According to the journal, having been wrong-footed by the unfolding events in Greece they have all gone underground while waiting to fight another war.

Le Point commends Francois Hollande and Angela Merkel for the breakthrough. The weekly holds that the accord was the result of a secret role-sharing deal in which Merkel was assigned the role of bad cop, while Hollande was to do the good guy. Hence the right-wing publication’s conclusion that while Merkel has some healing of wounds at home, it is the Franco-German couple and the entire eurozone which emerged victorious from the crisis.
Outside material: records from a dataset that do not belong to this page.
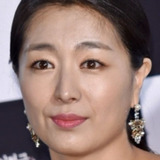 Yoon In-Jo — No-A's mother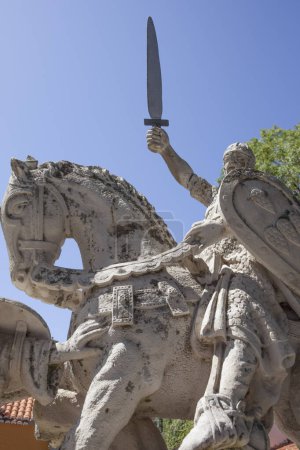 Foto de Coimbra, Portugal - 7 de septiembre de 2019: Escultura de Afonso Henriques, primer rey de Portugal. Portugal dos Pequenitos, Coimbra - Imagen libre de derechos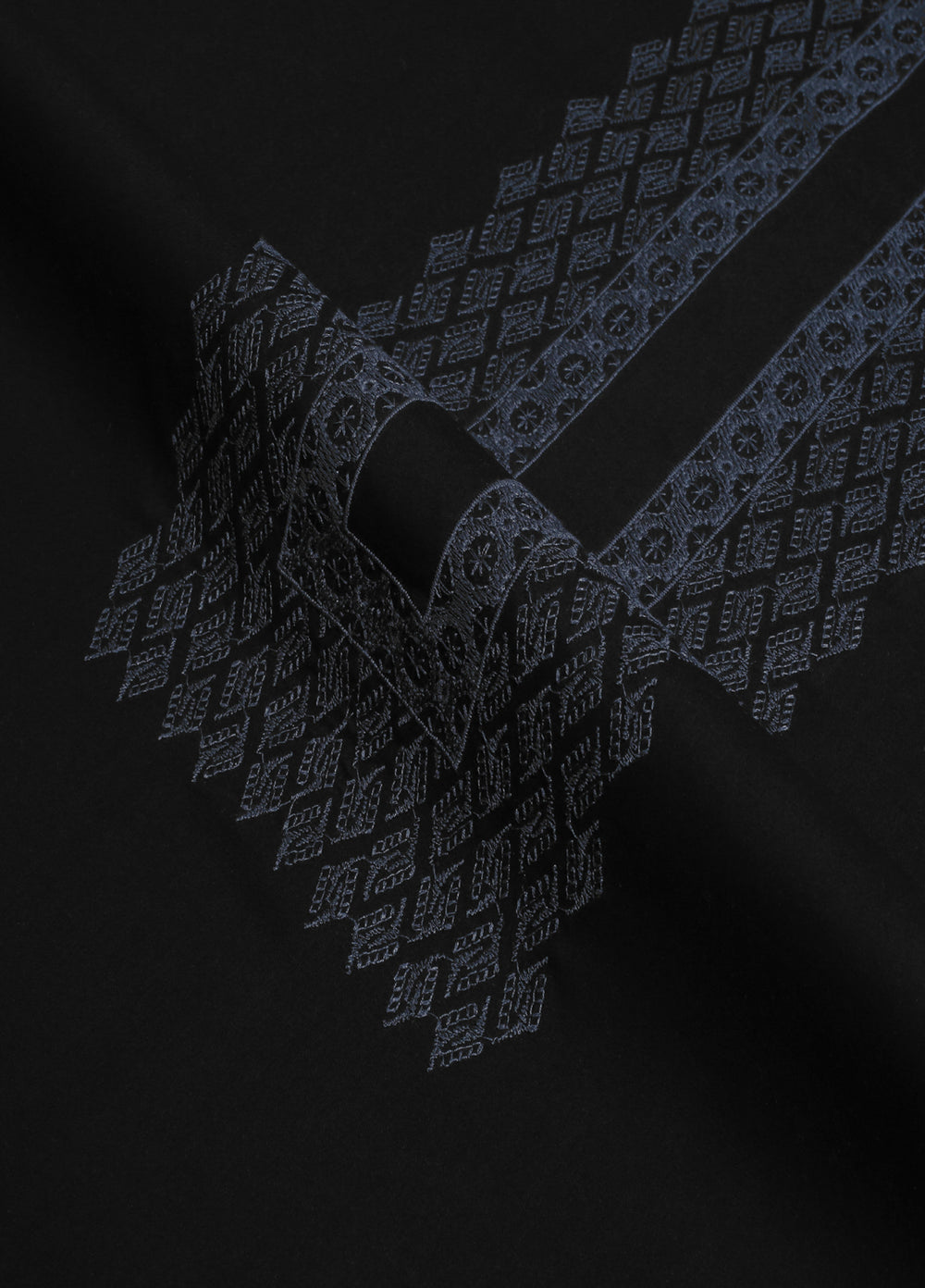 Cotton Valley by Fabrich Unstitched Embroidered Contrast Cotton-Thread Neckline Black Kameez Shlawar - Summer Collection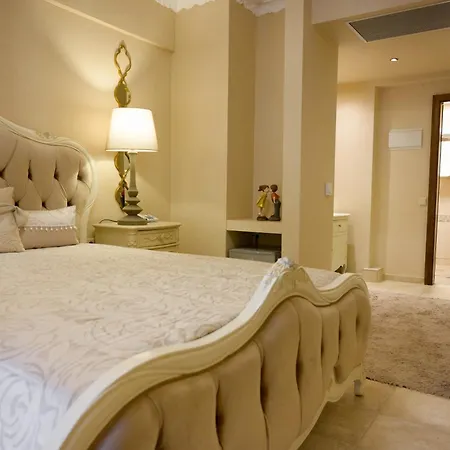 Hotel Achtis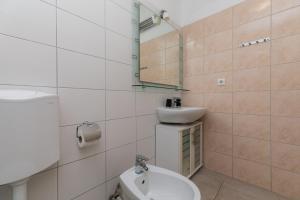 Apartments by the sea Pisak, Omis - 652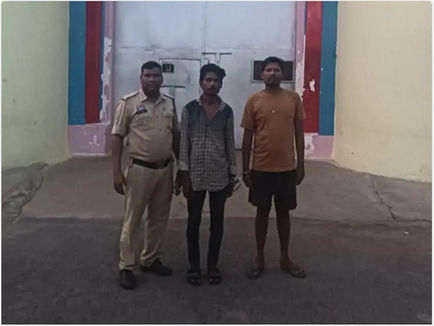 Balod Loot Case accused arrested by police with knife and cash "बालोद में लूट", "सब्जी मंडी लूट कांड"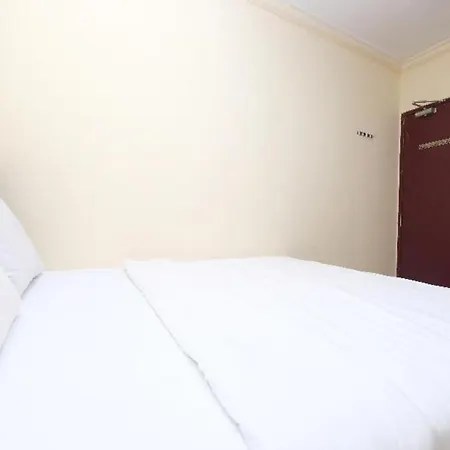 Oyo 89843 Mye Hotel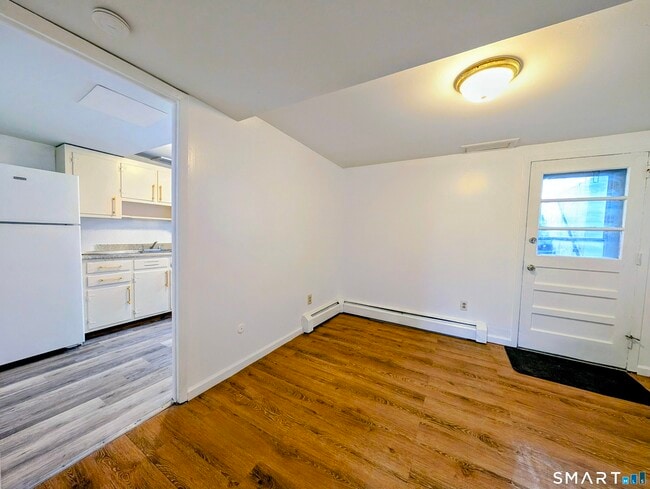 Building Photo - 95 Fairview Dr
In a rare tribute Le Point says it is high time President Hollande starts deploying at home the talent he exercise with such ease abroad, in Africa and in Europe.

Le Canard Enchaîné agrees, underlining that even the conservative Die Welt newspaper refers to President Hollande as the new man calling the shots in Europe. The satirical weekly actually credits him for fishing Greece out of the ocean stating that he has won the respect of many as the man who dared defy the power of the Germans for 17 full hours.

According to Le Canard the "Rain Man" was able to spend his first bright Bastille Day reasserting his new status as protector of the French people from terrorist attacks, the Greeks from bankruptcy and the entire planet, according to Le Canard Enchaîné.

It says he will probably keep enjoying the honeymoon until the next storm if the Greeks accept to swallow the bitter pill and if European parliaments ratify the 13 July accord. The weekly however warns that if President Hollande doesn’t succeed in reversing the jobless figures, his recent diplomatic brinkmanship will not stop the French from sending him off on a long holiday in Greece.